Inégalité devant le virus
Tous ne sont pas égaux face au coronavirus: on ne vit pas de la même manière un confinement dans une villa ou un appartement exigu. En France, on a assisté à un exode rural vers les résidences secondaires, ce qui contribue d’ailleurs à la diffusion du virus et met à mal les structures hospitalières des régions périphériques qui ont été fortement touchées par trente ans de politique néolibérale. Il est plus simple de faire des réserves et de remplir son garde-manger quand on n’a pas de soucis de fin de mois. Y compris en ce qui concerne l’accès à certains médicaments.
Ce n’est pas une surprise. Durant la grippe espagnole de 1918-1919, on a calculé que le taux de mortalité était 50% plus élevé dans le quartier le plus pauvre d’Oslo par rapport à l’arrondissement le plus riche1>Grippe pandémique de 1918, un révélateur social», Courrier du jeudi 19 mars.. Le télétravail est davantage accessible aux cadres des entreprises qu’aux maçons qui turbinent sur les chantiers. Il a fallu une semaine pour que ces derniers soient progressivement mis à l’arrêt!
Les professions les plus présentes au front – vendeuses, personnel soignant, personnel de la petite enfance, corps enseignant– sont souvent féminines. Les inégalités de genres viennent s’ajouter aux inégalités sociales.
Quand aux damnés de la terre, les migrants, les sans-abri, les clandestins: leur processus d’invisibilisation les rend encore plus vulnérables. Sans oublier les jeunes, qu’il est de bon ton de stigmatiser pour leur «égoïsme» car rétifs à la discipline du rester chez soi. On peut prédire qu’il ne leur sera pas fait beaucoup de cadeaux: vont-ils perdre une année scolaire, leur orientation en pâtira-t-elle? Ils l’auront bien mérité.
Enfin, troisième inégalité: celle traditionnelle entre le Nord et le Sud. Là aussi, on peut prédire que le bilan sanitaire ne sera pas le même. L’Organisation internationale du travail (OIT) a publié mercredi un rapport laissant entendre que l’épidémie pourrait avoir un effet massif sur l’emploi avec près de 25 millions de personnes qui perdraient leur job. Davantage qu’à la suite de la crise des subprimes de 2008. Entre 8,8 et 35 millions de personnes vulnérables pourraient sombrer dans la pauvreté.

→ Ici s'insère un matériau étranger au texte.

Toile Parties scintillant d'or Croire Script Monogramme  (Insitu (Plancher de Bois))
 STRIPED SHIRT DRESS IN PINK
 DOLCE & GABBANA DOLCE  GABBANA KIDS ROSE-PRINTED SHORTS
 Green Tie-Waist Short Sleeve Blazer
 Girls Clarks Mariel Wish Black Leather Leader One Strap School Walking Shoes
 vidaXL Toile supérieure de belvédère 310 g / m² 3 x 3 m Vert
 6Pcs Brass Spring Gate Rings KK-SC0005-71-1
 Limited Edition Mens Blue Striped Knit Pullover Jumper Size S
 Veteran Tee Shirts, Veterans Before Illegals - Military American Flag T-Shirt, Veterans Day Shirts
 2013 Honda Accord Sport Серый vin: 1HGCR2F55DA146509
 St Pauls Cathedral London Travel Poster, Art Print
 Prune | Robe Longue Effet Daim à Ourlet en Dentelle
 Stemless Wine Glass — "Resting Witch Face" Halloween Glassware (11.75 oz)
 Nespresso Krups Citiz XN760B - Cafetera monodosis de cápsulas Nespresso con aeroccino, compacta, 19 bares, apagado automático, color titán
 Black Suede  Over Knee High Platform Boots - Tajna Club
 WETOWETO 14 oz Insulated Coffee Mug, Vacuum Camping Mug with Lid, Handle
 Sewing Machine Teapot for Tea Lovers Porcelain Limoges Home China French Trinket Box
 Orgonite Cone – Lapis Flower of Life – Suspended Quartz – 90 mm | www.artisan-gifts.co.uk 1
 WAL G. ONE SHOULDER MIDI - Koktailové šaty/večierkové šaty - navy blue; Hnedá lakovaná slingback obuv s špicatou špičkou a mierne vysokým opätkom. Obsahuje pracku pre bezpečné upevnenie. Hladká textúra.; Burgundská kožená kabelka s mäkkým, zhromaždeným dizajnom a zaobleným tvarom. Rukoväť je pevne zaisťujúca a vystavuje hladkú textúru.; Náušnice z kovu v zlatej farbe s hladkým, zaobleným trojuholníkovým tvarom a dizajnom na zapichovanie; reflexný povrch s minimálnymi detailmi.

Les énormes sommes qui sont actuellement débloquées devraient donc aller en priorité à préserver ces plus faibles. Mais, on le voit aux Etats-Unis, les mesures mises en place visent prioritairement à préserver les intérêts des investisseurs au nom du maintien de la machine économique.
Rien d’étonnant, mais ô combien démoralisant.